About this exercise: Copy, from the entries below, each line where the word "Left" can be found.

(Collected data)
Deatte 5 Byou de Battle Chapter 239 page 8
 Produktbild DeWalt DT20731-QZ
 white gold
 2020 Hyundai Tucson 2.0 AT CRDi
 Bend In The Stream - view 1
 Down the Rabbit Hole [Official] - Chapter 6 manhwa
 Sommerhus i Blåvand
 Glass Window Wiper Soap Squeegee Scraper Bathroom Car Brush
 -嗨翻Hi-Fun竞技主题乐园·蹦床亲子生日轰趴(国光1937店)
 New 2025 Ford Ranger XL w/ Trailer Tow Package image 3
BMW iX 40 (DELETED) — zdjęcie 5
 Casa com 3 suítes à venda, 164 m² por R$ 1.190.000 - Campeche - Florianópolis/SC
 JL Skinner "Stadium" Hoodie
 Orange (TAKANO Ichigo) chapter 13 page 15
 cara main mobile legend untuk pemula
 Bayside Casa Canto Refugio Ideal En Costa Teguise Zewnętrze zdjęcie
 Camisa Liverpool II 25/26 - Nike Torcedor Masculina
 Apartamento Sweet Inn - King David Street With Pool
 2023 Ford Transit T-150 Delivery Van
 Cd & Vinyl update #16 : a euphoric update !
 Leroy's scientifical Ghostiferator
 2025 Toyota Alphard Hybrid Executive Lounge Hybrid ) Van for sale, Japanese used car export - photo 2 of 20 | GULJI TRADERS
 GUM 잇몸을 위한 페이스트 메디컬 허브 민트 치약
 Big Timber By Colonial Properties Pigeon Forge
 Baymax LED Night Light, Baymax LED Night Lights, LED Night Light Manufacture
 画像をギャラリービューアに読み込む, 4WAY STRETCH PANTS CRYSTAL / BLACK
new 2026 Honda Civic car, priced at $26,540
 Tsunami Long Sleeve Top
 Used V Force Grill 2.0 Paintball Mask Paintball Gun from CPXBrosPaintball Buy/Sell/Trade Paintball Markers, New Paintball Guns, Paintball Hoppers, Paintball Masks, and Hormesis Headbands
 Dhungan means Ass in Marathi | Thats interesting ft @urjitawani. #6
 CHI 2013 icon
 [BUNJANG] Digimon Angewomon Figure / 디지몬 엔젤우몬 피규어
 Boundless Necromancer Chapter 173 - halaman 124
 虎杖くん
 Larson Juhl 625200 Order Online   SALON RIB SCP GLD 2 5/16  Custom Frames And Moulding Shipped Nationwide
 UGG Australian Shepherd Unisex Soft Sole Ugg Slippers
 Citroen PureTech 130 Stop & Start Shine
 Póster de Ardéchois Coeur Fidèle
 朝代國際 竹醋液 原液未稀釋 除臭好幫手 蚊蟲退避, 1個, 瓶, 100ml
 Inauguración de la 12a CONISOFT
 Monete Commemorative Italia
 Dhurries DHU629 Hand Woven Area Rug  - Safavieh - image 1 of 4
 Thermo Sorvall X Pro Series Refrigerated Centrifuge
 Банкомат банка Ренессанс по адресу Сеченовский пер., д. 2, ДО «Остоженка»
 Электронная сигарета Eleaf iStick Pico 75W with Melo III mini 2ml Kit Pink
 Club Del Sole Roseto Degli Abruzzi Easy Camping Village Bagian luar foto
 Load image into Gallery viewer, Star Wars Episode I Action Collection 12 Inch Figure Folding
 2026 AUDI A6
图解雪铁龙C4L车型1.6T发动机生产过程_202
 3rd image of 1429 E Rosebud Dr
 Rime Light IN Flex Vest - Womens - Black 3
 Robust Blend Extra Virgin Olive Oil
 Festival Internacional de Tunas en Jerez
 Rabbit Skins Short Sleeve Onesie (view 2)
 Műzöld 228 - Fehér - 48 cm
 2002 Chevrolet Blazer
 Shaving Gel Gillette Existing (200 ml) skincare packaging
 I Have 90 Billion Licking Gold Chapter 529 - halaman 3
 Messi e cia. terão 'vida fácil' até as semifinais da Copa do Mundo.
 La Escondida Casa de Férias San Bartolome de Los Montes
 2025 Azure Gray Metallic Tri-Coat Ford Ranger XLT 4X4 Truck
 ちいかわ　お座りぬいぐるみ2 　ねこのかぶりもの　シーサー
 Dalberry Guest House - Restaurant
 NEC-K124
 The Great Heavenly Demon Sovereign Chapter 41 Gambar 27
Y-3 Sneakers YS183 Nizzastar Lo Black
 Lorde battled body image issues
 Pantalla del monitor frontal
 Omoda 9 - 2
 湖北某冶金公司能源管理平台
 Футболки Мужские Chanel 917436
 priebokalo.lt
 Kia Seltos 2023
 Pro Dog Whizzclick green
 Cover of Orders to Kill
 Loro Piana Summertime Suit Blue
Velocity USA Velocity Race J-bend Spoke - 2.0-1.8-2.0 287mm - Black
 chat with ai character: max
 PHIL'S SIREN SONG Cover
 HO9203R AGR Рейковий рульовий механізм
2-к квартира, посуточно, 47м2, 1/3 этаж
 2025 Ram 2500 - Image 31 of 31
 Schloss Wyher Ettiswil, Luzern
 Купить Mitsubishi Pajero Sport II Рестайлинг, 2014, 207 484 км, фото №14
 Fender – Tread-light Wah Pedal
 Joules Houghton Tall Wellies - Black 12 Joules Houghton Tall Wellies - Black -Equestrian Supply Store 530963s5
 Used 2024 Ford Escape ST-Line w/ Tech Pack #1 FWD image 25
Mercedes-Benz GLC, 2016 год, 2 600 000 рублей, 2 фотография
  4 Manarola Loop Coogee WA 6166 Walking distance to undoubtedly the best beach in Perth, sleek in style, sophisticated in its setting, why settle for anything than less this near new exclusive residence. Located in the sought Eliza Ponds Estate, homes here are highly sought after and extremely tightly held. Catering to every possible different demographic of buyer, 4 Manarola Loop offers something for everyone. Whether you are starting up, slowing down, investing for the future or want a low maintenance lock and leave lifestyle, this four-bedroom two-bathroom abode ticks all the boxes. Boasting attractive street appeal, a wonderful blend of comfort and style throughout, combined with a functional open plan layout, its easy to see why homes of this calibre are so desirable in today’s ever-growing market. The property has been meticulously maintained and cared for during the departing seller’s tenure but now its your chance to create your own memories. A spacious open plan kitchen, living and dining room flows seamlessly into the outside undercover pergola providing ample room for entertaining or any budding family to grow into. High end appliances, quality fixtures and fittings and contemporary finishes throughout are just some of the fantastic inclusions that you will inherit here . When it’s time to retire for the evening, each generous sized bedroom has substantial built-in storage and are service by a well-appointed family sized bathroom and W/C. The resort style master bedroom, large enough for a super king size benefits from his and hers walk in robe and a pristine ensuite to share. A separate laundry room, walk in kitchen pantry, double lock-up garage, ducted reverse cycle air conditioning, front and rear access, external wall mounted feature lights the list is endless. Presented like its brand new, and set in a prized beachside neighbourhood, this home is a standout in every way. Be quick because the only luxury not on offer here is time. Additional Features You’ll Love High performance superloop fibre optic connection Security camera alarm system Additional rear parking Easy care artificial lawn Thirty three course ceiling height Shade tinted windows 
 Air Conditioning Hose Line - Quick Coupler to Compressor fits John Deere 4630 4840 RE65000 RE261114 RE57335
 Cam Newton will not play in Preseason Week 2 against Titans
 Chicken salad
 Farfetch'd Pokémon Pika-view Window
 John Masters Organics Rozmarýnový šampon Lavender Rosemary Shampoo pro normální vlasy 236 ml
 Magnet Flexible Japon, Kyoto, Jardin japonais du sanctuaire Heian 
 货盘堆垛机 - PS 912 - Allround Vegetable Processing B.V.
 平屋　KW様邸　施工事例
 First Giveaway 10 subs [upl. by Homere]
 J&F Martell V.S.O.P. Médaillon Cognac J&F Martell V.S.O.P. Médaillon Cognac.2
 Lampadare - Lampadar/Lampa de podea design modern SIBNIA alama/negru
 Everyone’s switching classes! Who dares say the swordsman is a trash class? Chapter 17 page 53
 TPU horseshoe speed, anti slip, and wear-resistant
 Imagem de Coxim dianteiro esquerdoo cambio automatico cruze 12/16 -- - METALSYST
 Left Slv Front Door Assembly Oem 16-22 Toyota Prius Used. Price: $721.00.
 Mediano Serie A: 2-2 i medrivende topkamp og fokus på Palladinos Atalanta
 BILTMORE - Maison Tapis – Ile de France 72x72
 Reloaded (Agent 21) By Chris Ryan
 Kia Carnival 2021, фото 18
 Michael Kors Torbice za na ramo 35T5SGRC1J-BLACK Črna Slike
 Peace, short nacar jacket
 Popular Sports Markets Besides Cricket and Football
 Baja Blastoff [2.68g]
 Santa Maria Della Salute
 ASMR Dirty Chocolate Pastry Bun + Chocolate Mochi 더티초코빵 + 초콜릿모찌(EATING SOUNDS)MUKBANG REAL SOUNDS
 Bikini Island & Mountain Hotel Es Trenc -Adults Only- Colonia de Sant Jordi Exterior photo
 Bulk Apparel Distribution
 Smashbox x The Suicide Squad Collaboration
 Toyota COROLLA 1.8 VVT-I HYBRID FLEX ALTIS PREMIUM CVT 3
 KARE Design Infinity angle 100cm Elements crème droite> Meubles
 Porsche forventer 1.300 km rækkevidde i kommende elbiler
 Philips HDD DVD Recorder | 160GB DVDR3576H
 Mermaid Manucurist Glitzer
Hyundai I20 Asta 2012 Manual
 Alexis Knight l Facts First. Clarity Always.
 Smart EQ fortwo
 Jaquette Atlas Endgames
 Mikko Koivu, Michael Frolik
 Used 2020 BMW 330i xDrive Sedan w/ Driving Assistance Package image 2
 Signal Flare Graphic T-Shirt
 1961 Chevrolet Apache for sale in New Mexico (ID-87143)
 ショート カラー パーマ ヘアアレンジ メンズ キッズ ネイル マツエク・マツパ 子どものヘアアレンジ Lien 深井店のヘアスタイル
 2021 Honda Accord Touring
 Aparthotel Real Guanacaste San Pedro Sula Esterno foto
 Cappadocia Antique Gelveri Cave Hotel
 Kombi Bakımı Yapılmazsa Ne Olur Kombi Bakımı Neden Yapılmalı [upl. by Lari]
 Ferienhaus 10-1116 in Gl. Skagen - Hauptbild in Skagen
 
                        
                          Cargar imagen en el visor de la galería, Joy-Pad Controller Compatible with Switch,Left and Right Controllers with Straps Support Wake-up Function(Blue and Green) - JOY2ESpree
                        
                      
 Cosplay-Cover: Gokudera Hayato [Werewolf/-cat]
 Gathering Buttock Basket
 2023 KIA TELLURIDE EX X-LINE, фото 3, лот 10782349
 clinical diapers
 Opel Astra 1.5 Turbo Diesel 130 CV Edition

Answer:
 Left Slv Front Door Assembly Oem 16-22 Toyota Prius Used. Price: $721.00.
                          Cargar imagen en el visor de la galería, Joy-Pad Controller Compatible with Switch,Left and Right Controllers with Straps Support Wake-up Function(Blue and Green) - JOY2ESpree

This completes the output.